The trial of the former Chief Executive Officer of the Ghana Cocoa Board, Dr Stephen Opuni; and businessman and philanthropist, Mr Seidu Agongo, resumes on Monday, 3 October 2022 after a two-month legal break.
Trial judge Justice Clemence Honyenuga has six months to continue in service, having clocked the constitutionally mandatory retirement age of 70 years for Supreme Court judges on 4 September 2022.
The extra period is pursuant to Article 145(4) of the 1992 Constitution, which grants superior court judges that concession to wind up active cases and hand over before proceeding on retirement.
Prior to the legal break, Justice Honyenuga, who is also a chief in the Volta Region, had said that Chief Justice, Kwesi Anin-Yeboah, had given him some time to conclude the case.
The Supreme Court judge, who has been sitting on the case as an additional High Court judge, told the court on Thursday, 28 July 2022: “In pursuant to Article 112(2) of the Constitution, 1992, the Chief Justice has granted me a limited time to conclude this case”.
“In the circumstances, this court shall, in addition, sit on Tuesdays at 11 am for early disposal of this four-year-old case”, he added, before adjourning the matter to Monday, 3 October 2022 “at 10 am for continuation”.
As the case returns next month, it enters critical mode and raises public interest in how things will pan out, especially as Justice Honyenuga was once prohibited from the case by the Supreme Court, which declared him incapable of being impartial on the matter after the defence team had accused him of bias.
The 3-2 decision was, however, subsequently overturned by the same Supreme Court after the state filed for a review, thus, restoring Justice Honyenuga on the case.

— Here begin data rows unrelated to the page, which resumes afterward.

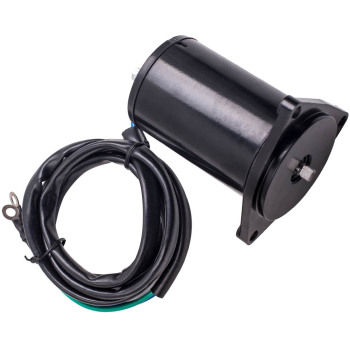 Motor de ajuste de inclinación compatible para Yamaha fueraborda 60 70HP 40 50 60 70 90 HP 6H1-43880-02-00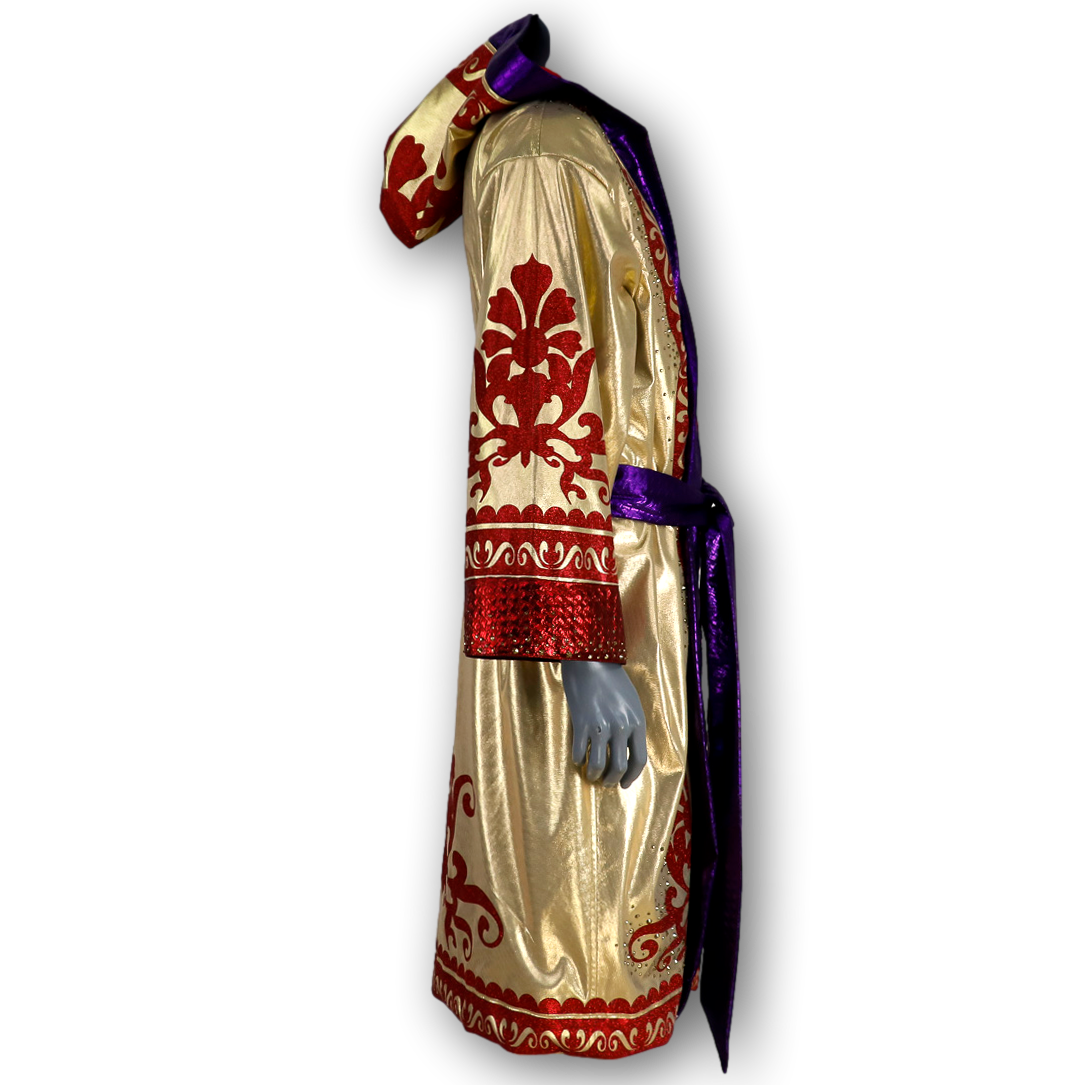 GGG Robe (Boxxerworld Elite) Parker Robes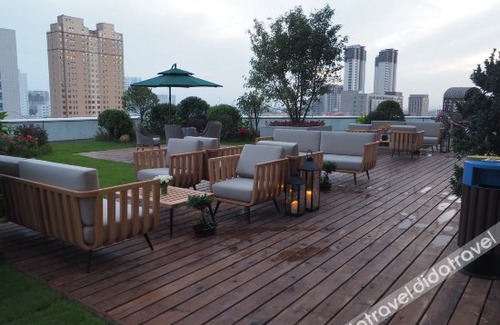 Yuci Hotel | Grand Rezen Hotel Jinzhong Development Zone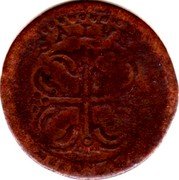 Italy 1 Sesino (Duke Fancisco Farnese) SALVS MVNDI coin reverse Italy 1 Sesino (Duke Fancisco Farnese) SALVS MVNDI coin reverse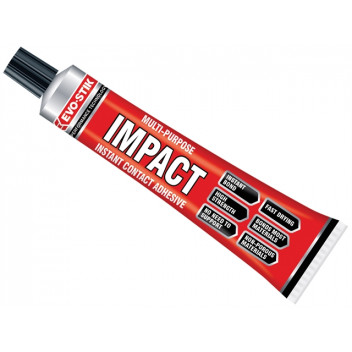 EVO-STIK Impact Adhesive Small Tube 30g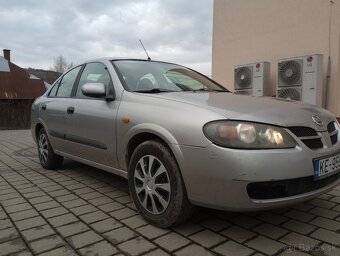 Nissan almera 1.5 72kw - 6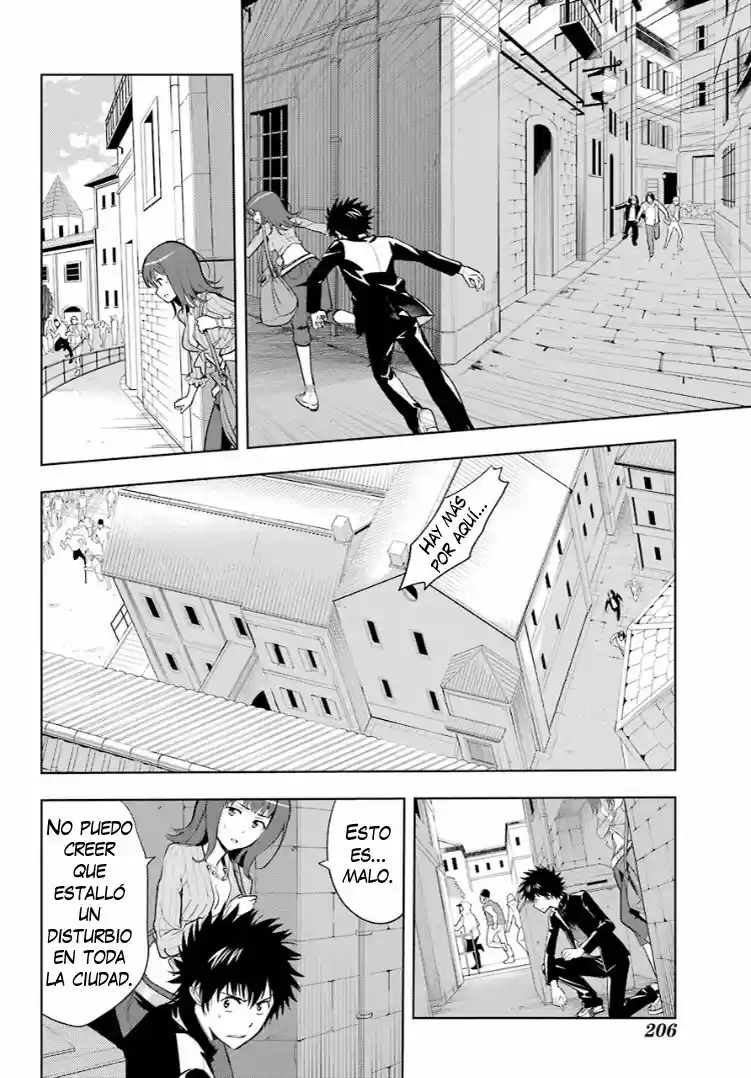 Toaru Majutsu No Index - Capítulo 126 - Página 12 - LectorTMOo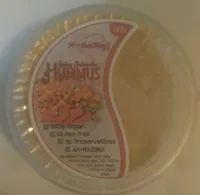 Spicy Sriracha Hummus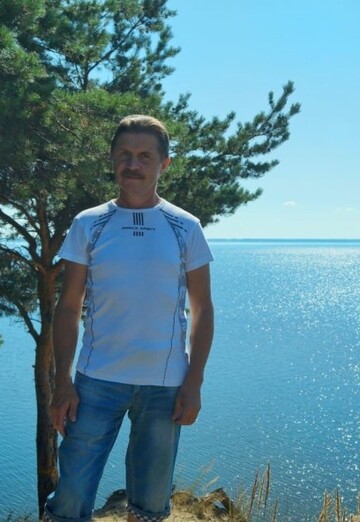My photo - Mihail Bolshov, 64 from Ivanovo (@mihailbolshov)
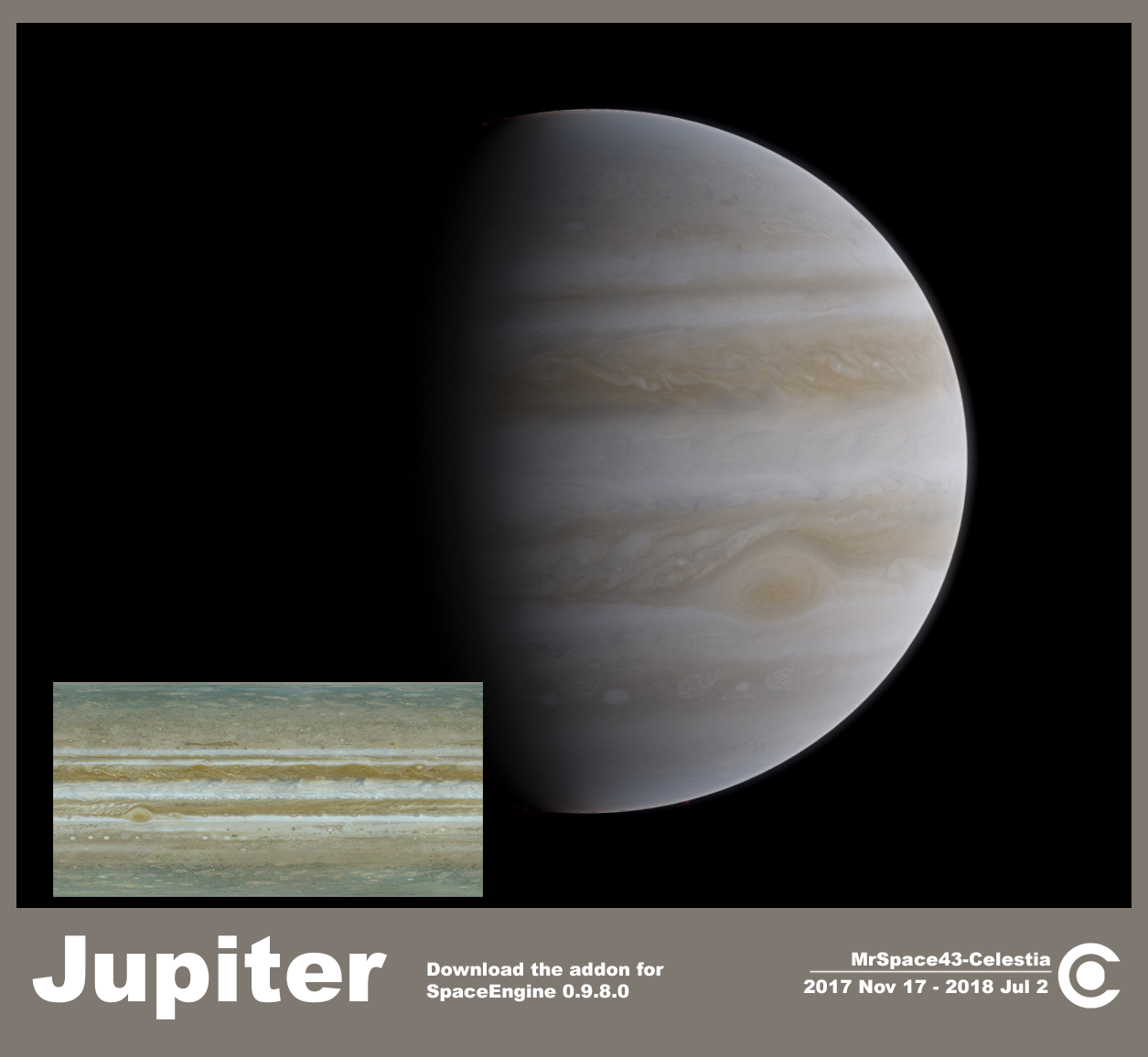 Jupiter SE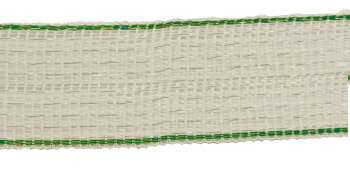 Growi® CraftLine Breitband, 40 mm, 4N+9N 200 m grün/weiß
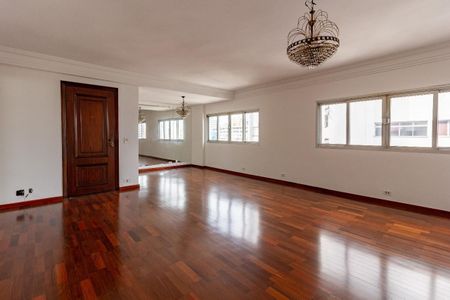 Apartamento à venda com 3 quartos, 127m² em Paraíso, São Paulo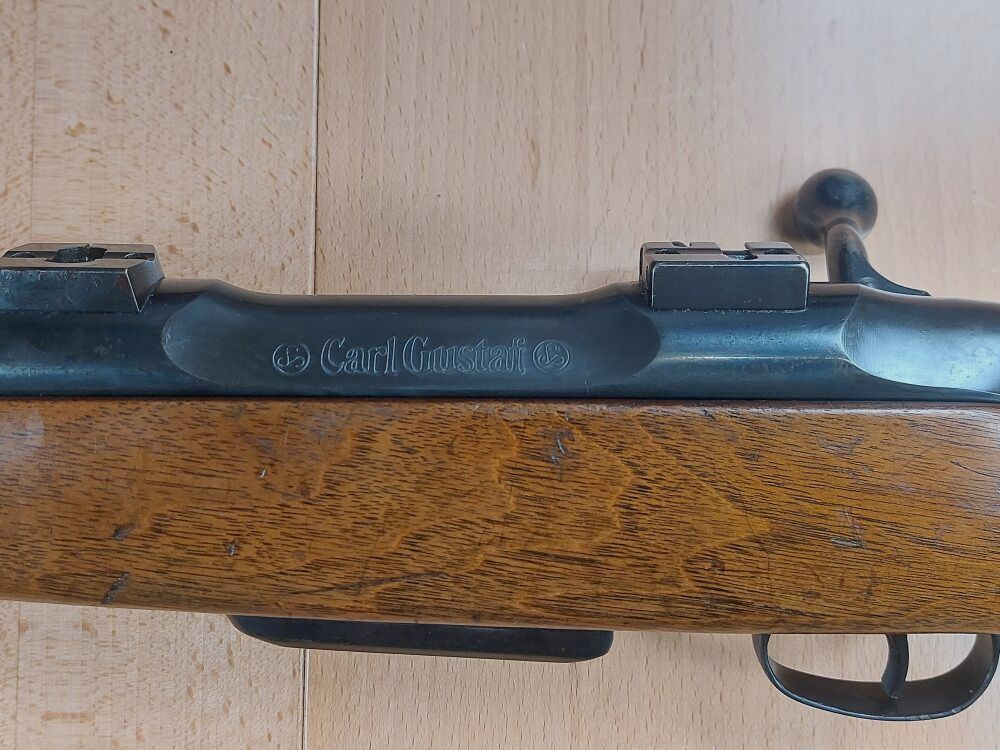 Sauer & Sohn (Carl Gustaf), Eckernförde M 3000, Bild 3 von 10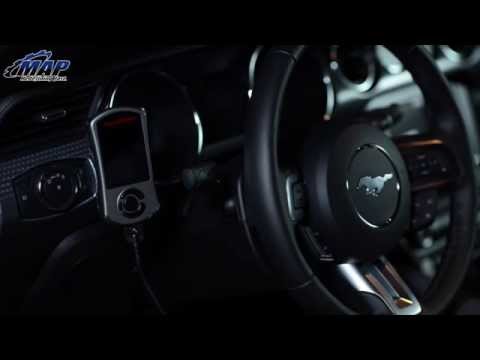 Mustang EcoBoost AP Tuner Install | Cobb Tuning V3 Accessport AP3-FOR-003 For Eco Boost Mustang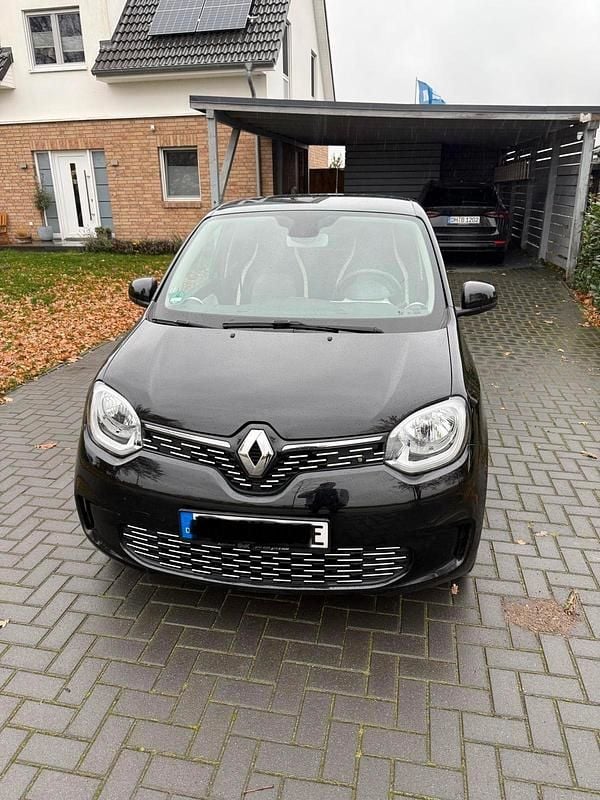 Gebraucht Renault Twingo 30 kW (42 PS) 2020 Schwarz Kleinwagen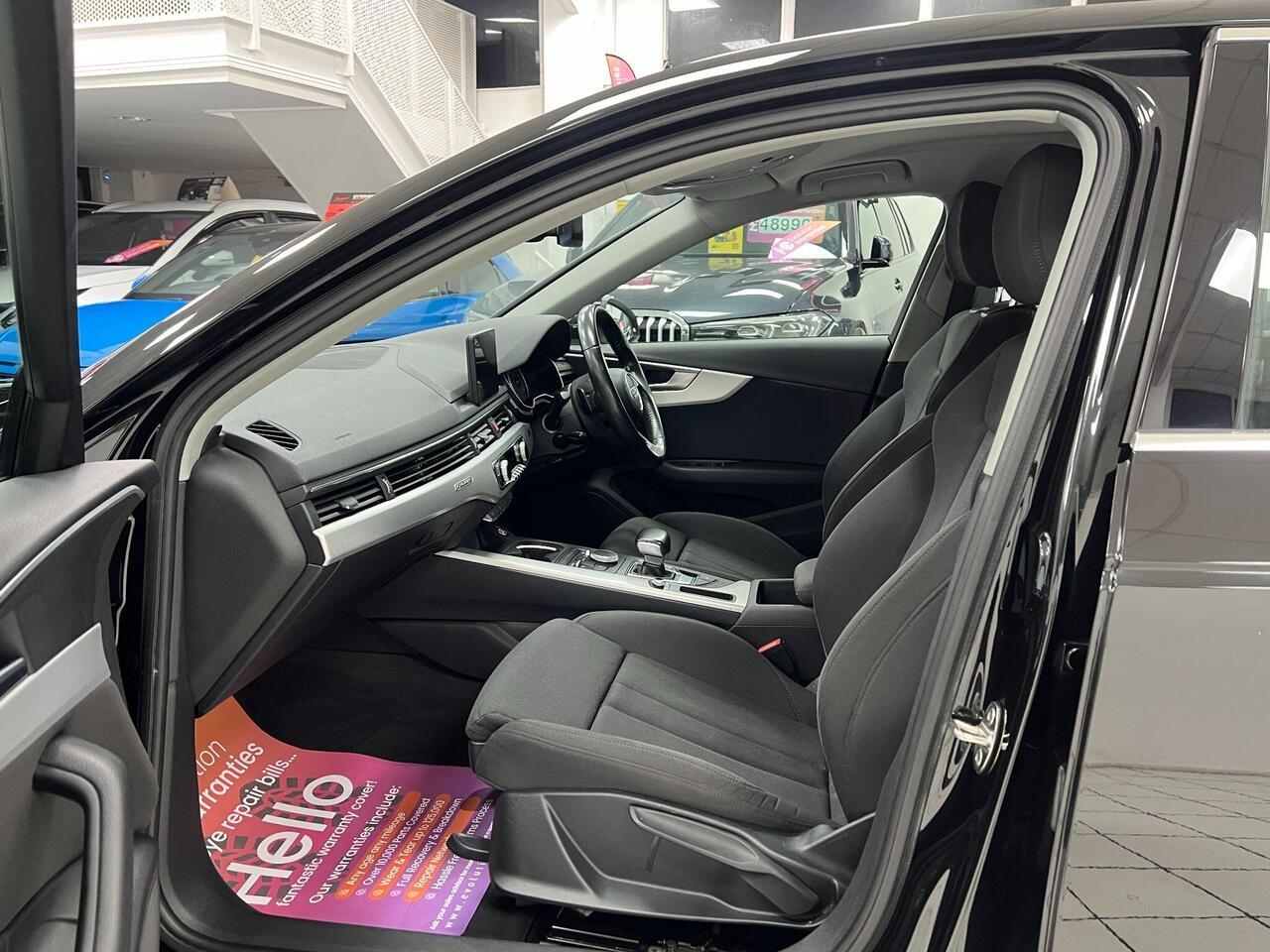 Used Audi A4 2017 for sale - 77743895: Photo 85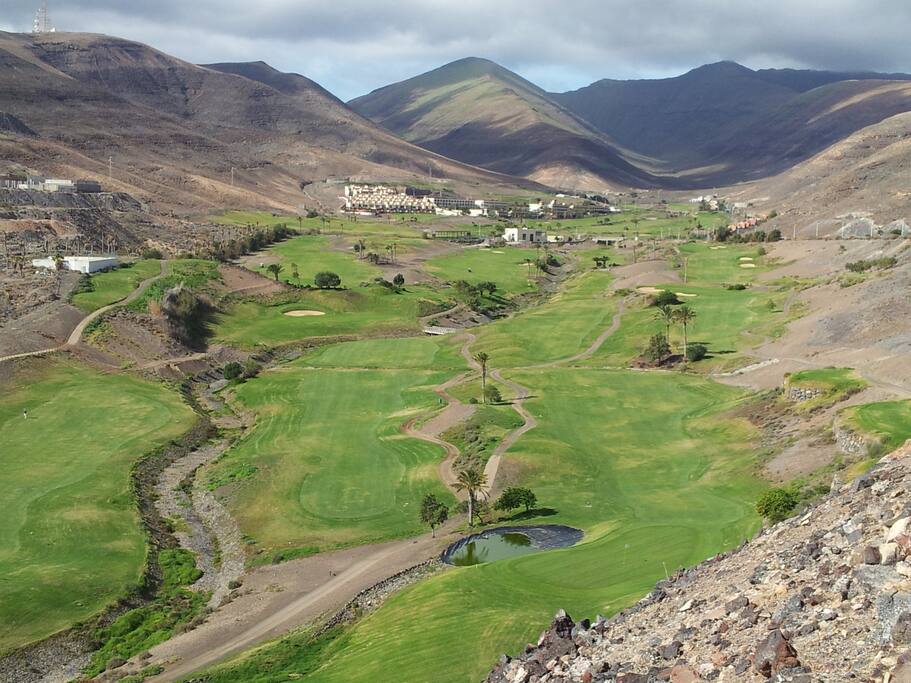 Golfplatz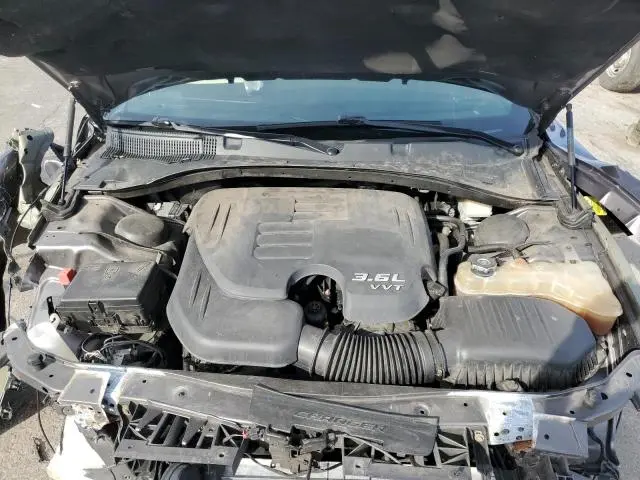 2019 DODGE CHARGER GT  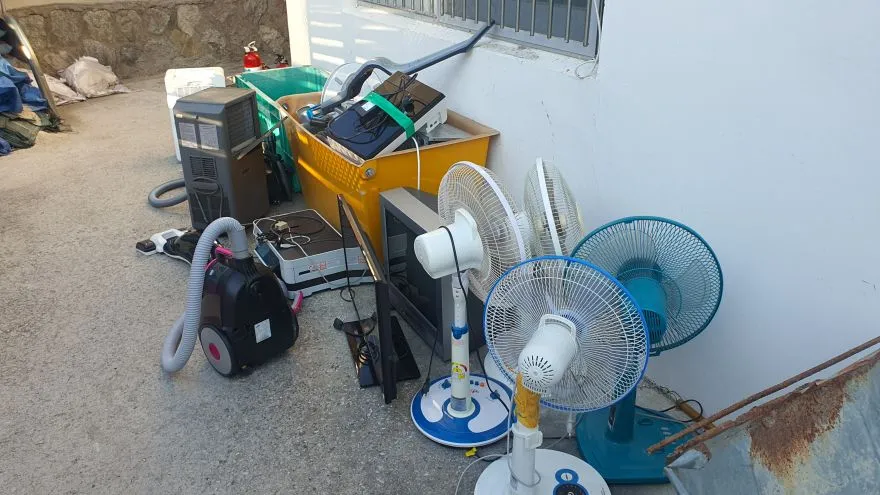 선풍기 버리는 방법과 처리 요령_5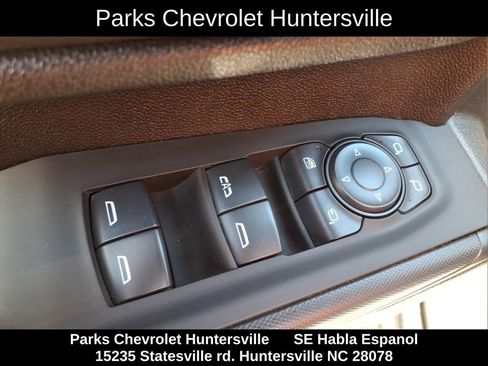Certified 2025 Chevrolet Silverado 2500 Custom w/ Custom Value Package AWD/4WD image 19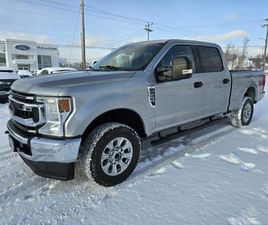 FORD F250 FORD SUPER DUTY F-250 SRW 2022 XLT 4X4 CREW 6 3/4 6.2L ESSENCE JAMAIS ACCIDENT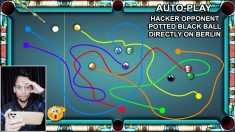 Cheto 8ball pool hack foto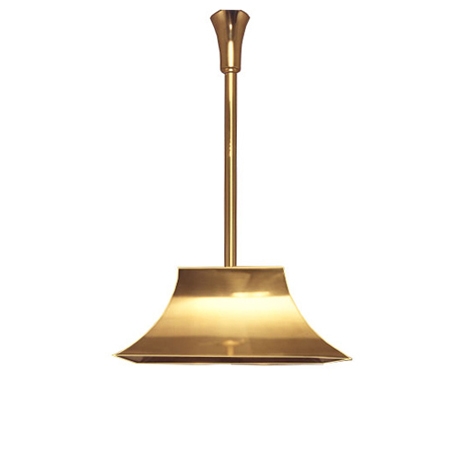 Display product Pagode pendant lamp from manufacturer Woka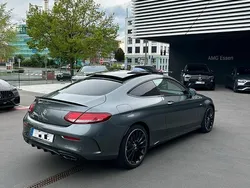 Grau Gebraucht 2018 Mercedes C43 AMG AMG Coupé | 45.500 €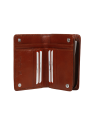 Gerard Henon 3252 - CUIR DE VACHETTE - MARRON porte monnaie billet zip m vérone porte-monnaie-femme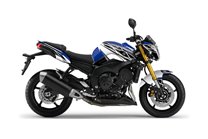 Kit adesivi compatibile con per YAMAHA FZ8 2010 - 2015 - MXPKAD16259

The landmark 3-2 majority decision was made by the apex court on 28 July 2021.
That case was heard by Justices Jones Dotse, A.M Dordzie, Amadu Tanko, Lovelace Johnson and Gabriel Pwamang after the lawyers of Dr Opuni had complained of Justice Honyenuga’s likelihood of bias against their client after the judge had rejected some documents submitted as evidence that inured to the advantage of the accused persons.
Justice Gabriel Pwamang, who wrote the lead judgment, concluded as follows: “A reasonably well-informed observer, taking account of the exclusion of the exhibits that appear to favour the accused person and the pronouncements made by the judge which connote that the 2nd and 3rd accused persons have defrauded Cocobod and it would not have happened but for the applicant [Dr Opuni] herein deliberately and knowingly facilitating it and that by that he has caused financial loss to the state, would come to the conclusion that the judge would not be impartial in the consideration of any defence the accused person has to put forward,” the majority decision read.
The majority noted: “The test is an objective one based on the principle that not only must justice be done, but it must be seen to be done. As the authorities say, bias is so insidious that the judge himself may not even be aware that he has a bias in the matter under consideration”.
“It is for the reasons explained above that I hereby grant the prayer for prohibition in order that justice will be seen to be done in this case. Therefore, in conclusion, the application succeeds on both counts and is accordingly granted as prayed.”
Attorney General Godfred Dame, however, filed a review application against Justice Honyenuga’s prohibition, which led to the same apex court overturning its earlier decision, thus, restoring Justice Honyenuga to the case.
The review application was heard by an enhanced panel with Justices Gertrude Torkonoo and Prof Ashie Kotey, as additional Justices to the original panel.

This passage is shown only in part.